Goal of the exercise: The listing below should be reproduced precisely, except for its images.
========================================================================
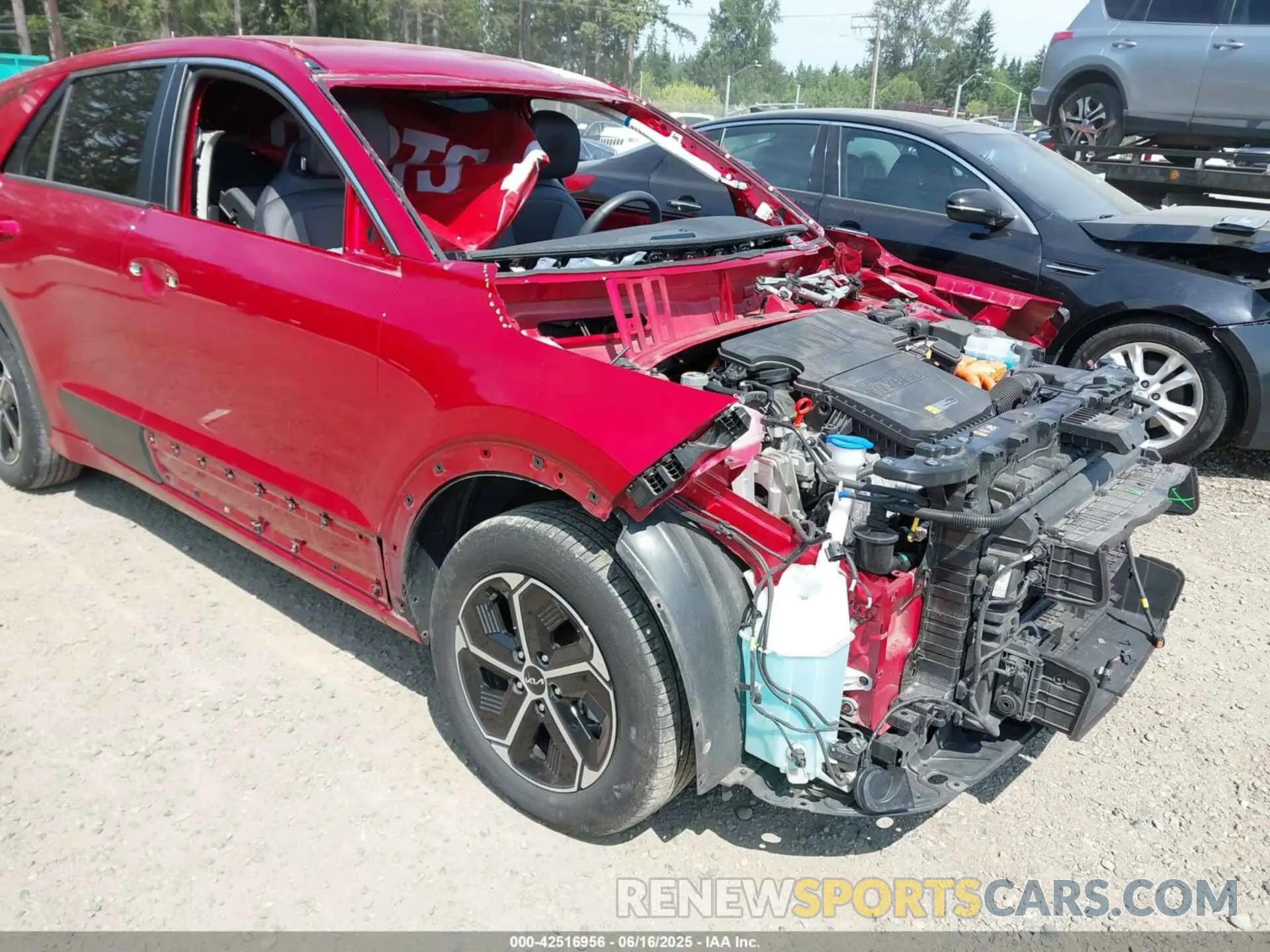 6 Photograph of a damaged car KNDCS3LF0P5063640 KIA NIRO PLUG-IN HYBRID 2023
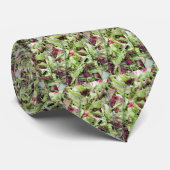 Mesclun salad mengen met tong stropdas (Opgerold)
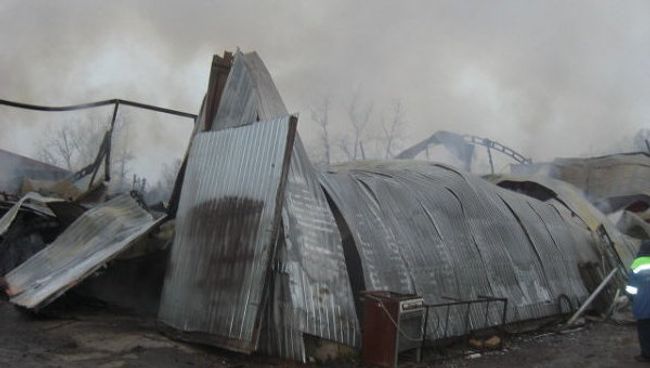 Пожар в металлическом ангаре в подмосковном Домодедово 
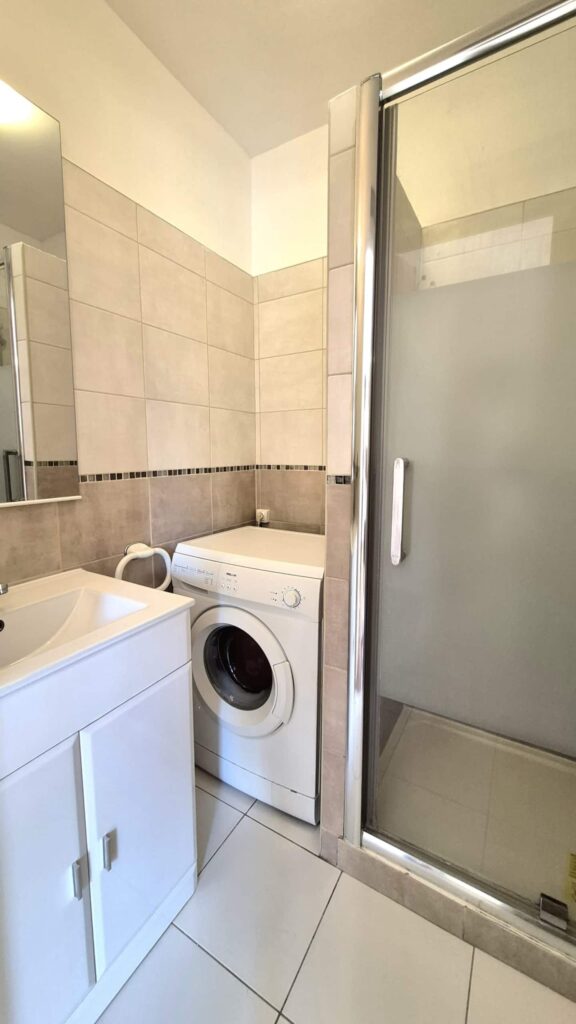 Appartement meublé de 27 m² à Le Pradet – Studio 27 m² plein sud en centre-village – Le Pradet – photo 10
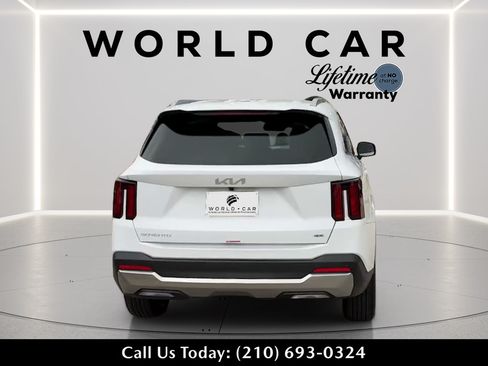 Used 2025 Kia Sorento S AWD/4WD image 4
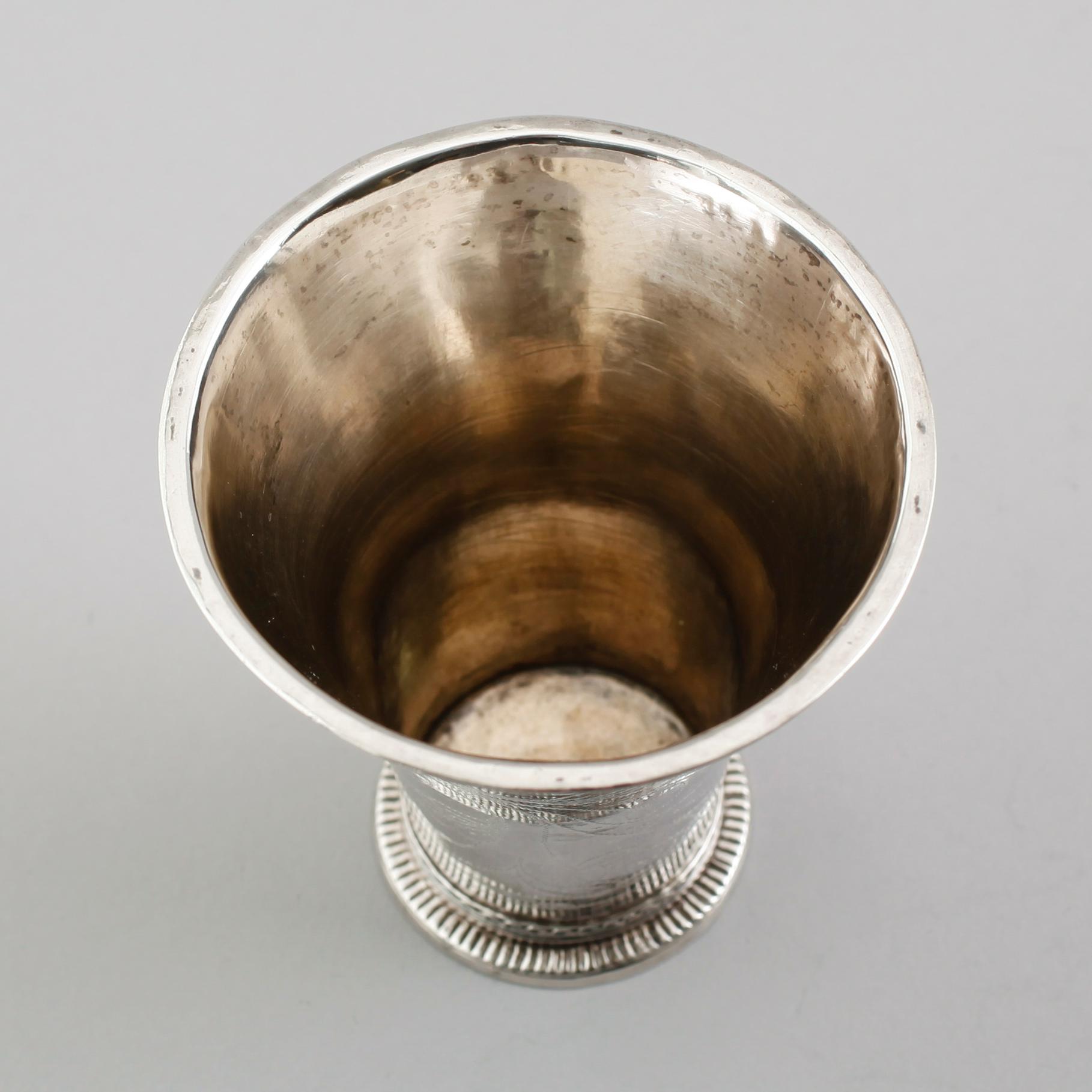 BÄGARE, silver, Carl Petter Tellander, Jönköping 1765. Vikt ca 56 gram.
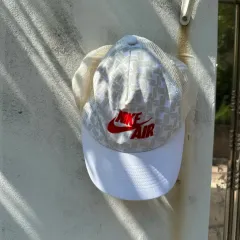 00 ' s nike cap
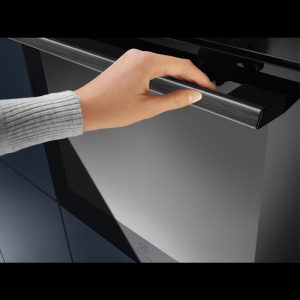 Four AquaClean 600 SurroundCook®EOF3H40TH – ELECTROLUX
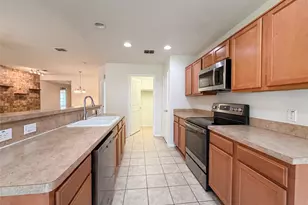 903 Mazatlan Ct, Arlington, TX 76002 - Photo 2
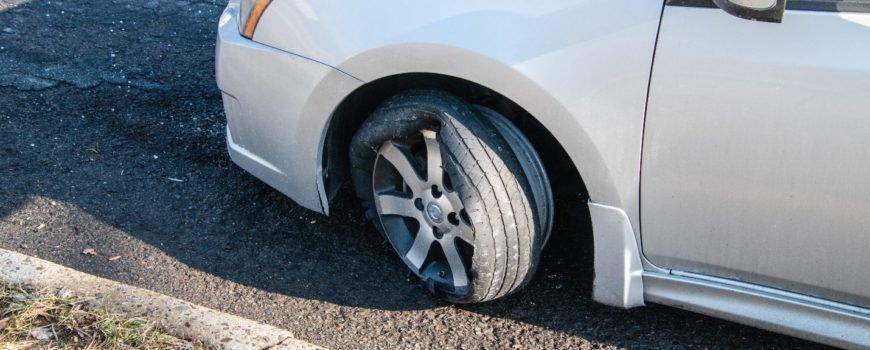 Handling A Tire Blowout | Ric Henry Auto Service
========================================================================
Reply to the task:
 6 Photograph of a damaged car KNDCS3LF0P5063640 KIA NIRO PLUG-IN HYBRID 2023
 Mesclun salad mengen met tong stropdas (Opgerold)
 Пожар в металлическом ангаре в подмосковном Домодедово 
 Appartement meublé de 27 m² à Le Pradet – Studio 27 m² plein sud en centre-village – Le Pradet – photo 10
 Used 2025 Kia Sorento S AWD/4WD image 4
 BÄGARE, silver, Carl Petter Tellander, Jönköping 1765. Vikt ca 56 gram.
 00 ' s nike cap
 Four AquaClean 600 SurroundCook®EOF3H40TH – ELECTROLUX
 903 Mazatlan Ct, Arlington, TX 76002 - Photo 2
 Handling A Tire Blowout | Ric Henry Auto Service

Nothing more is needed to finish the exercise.